Giant waves from Hurricane Ida battering Louisiana’s barrier islands. The ever-deepening ‘bathtub ring’ around Lake Mead, a drought marker signaling the reservoir’s lowest water levels in 84 years. The deluge of rain from an atmospheric river washing out communities in the Pacific Northwest.
These awful scenes convey the urgent threat that climate change represents – and painfully illustrate how so many of us experience those impacts through water, from flooding to drought to more intense water pollution.
In the face of this water and climate crisis, where can we find hope?
For me, it’s in the work of people who are using their lived experiences and talents to create solutions that protect water resources and build climate resilience in their communities. They are making the difference in this fight.
I am grateful for people like Natalie Snider, who is helping lead efforts to rebuild land on the Louisiana coast by enlisting nature as a partner to confront climate change. She’s part of a broad coalition supporting projects using natural infrastructure to protect against rising sea levels and flooding caused by more frequent and intense storms.
“We have a real opportunity to build a protective landscape around Louisiana’s communities,” says Natalie, associate vice president of coasts and watersheds with the Environmental Defense Fund.
I see the same determination among Walton Family Foundation grantees who are working to improve water quality and availability across our three key geographies: the Colorado River Basin, the Mississippi River Basin and our oceans.
At the National Young Farmers Coalition, Erin Foster West is one of the next-generation of activists sowing seeds of change by helping farmers adapt to climate realities, adopt water-friendly agricultural practices and become advocates for conservation.
“Young farmers today have spent their entire careers operating in a different climate reality than their predecessors,” says Erin. “Climate change is not only real; it’s a daily threat to their livelihoods. Working with nature to conserve water, prevent runoff and enrich the soil has become a core part of their business to ensure they can keep farming for the long haul.”
Because the impacts of climate change are often felt most by communities of color, Erin’s organization and others are working to ensure more diverse voices are included in decisions about water.
I’m grateful for the work Aaron Reiser and Erin Meier, with foundation grantee Green Lands Blue Water, do to elevate diversity in agriculture.
In their effort to improve soil health and water quality in the Mississippi River Basin, the organization emphasizes greater racial inclusion and equity in agriculture and conservation.
“If sustainability is inextricably linked to healthy and just communities, why don’t our fields include more of the diverse communities and leaders needed to co-create change?” ask Aaron and Erin.

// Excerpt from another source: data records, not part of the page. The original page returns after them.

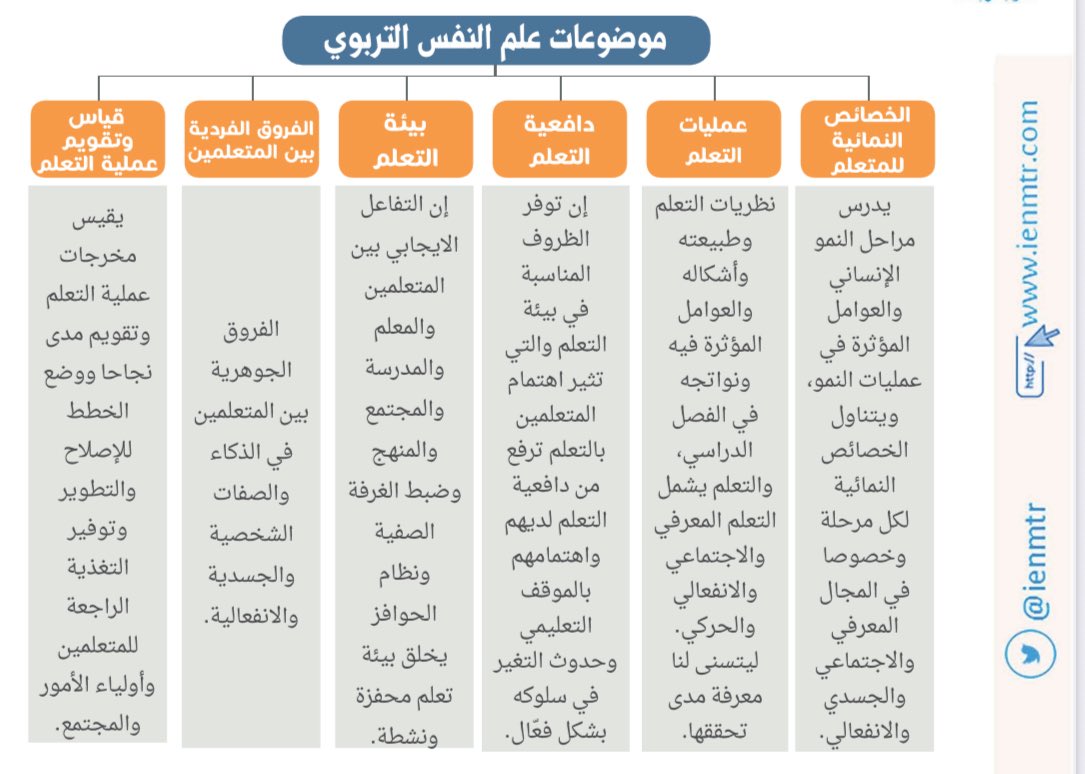 موضوعات علم النفس التربوي والتي تعتبر الهيكل الأساسي لمعايير اختبار #الرخصة_المهنية_عام 
١: الخصائص النمائية للمتعلم
٢: عمليات التعلم 
٣: دافعية التعلم
٤: بيئة التعلم 
٥: الفروق الفردية بين المتعلمين 
٦: قياس وتقويم عمليات التعلم 

كُن معنا في الاستعداد للاختبار القادم في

My gratitude extends to visionary leaders like Jennifer Morris, CEO of The Nature Conservancy, and others who tirelessly champion water solutions that benefit the environment and communities.

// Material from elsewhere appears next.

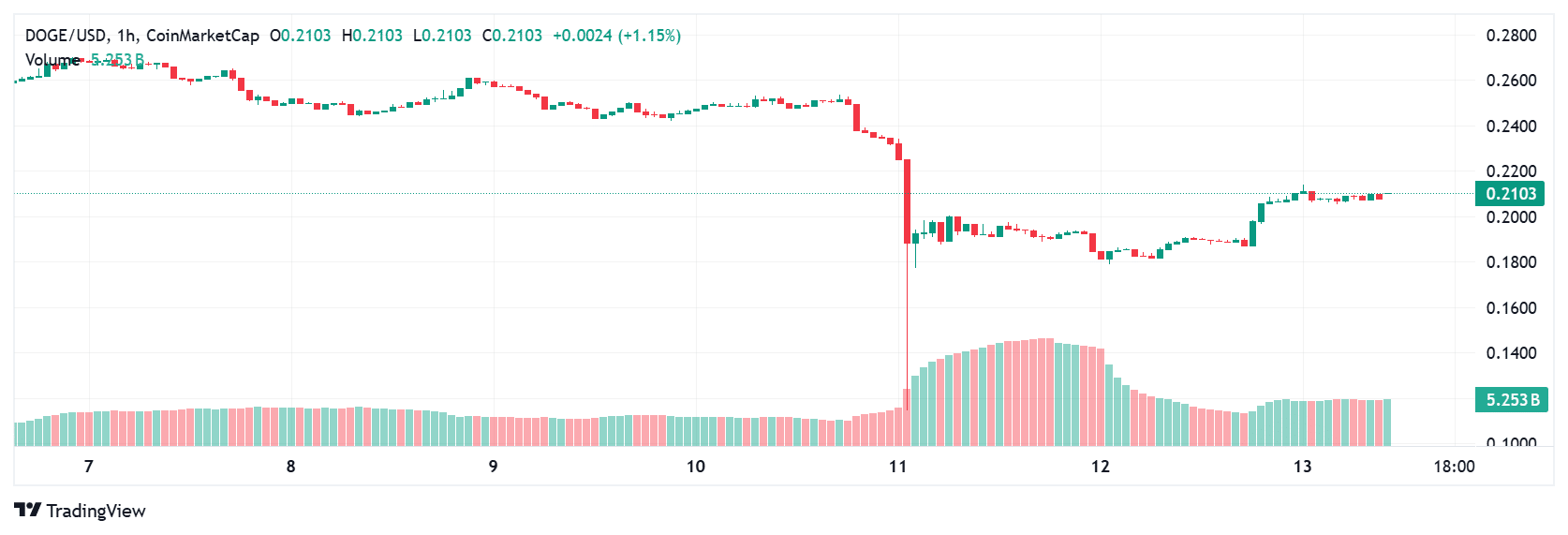 After $19B Meltdown: How Cardano and Dogecoin Spark Market’s Emotional Comeback 2 U.S. tariff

She envisions “a future where nature and people thrive together” through new markets for sustainable seafood that benefit small-scale fishers, collaboration to share scarce water resources in the Colorado River Basin and innovations to advance soil health and water quality along the Mississippi River.
“To affect lasting change,” Jennifer adds, “we must lift up the voices of vulnerable communities that are disproportionately impacted by climate change and other environmental threats.”
I’m thankful for people like Neyra Solano, a gender equity specialist at foundation grantee Comunidad y Biodiversidad (COBI), who is working with women whose critical role in Mexico’s fishing industry is often overlooked and underappreciated.
“Our goal is to make their important role more visible, measure it, and make sure they are building social capital in the form of both compensation and participation in fishery decisions,” says Neyra.
I am grateful for the example set by leaders like Emma Robbins, who is building trust – and partnerships – with residents to deliver running water to families on the Navajo Nation, where 30% of residents lack running water.
“That's an injustice. My job is to help correct that injustice,” says Emma, executive director of the Navajo Water Project. Working with members of the community, Emma has helped install hundreds of underground water tanks at homes on the reservation, which sprawls across parts of Utah, Arizona and New Mexico.
Without an informed public, many of the threats to our water – and solutions to protect it – would go unnoticed.
We’re fortunate to partner with advocates like chef José Andrés, who consistently uses his platform to help those suffering and raise awareness about the environmental threats they face.
“When my non-profit World Central Kitchen shows up to feed communities after a disaster, more often than not, water is at the heart of the suffering and the solution,” says Jose.
“We need to think bigger and go faster with our water solutions: to take our ideas and innovations and scale them up quickly. We need to change how we think, eat, cook, farm and fish.”
I’m also grateful for the independent, enterprising journalists telling the stories of climate change’s impact. We’re proud to support environmental journalism by the Associated Press, PBS, the Society of Environmental Journalism’s Coastal Desk, the Center for Environmental Journalism’s Water Desk and others.
“Our mission … is to increase the volume, depth and power of water-related journalism,” says Water Desk director Mitch Tobin.
While the stories we read and the images we see are often difficult to watch, no solution comes from ignoring a problem. For those making a difference to create healthier rivers and oceans and resilient, thriving communities, we can all be grateful.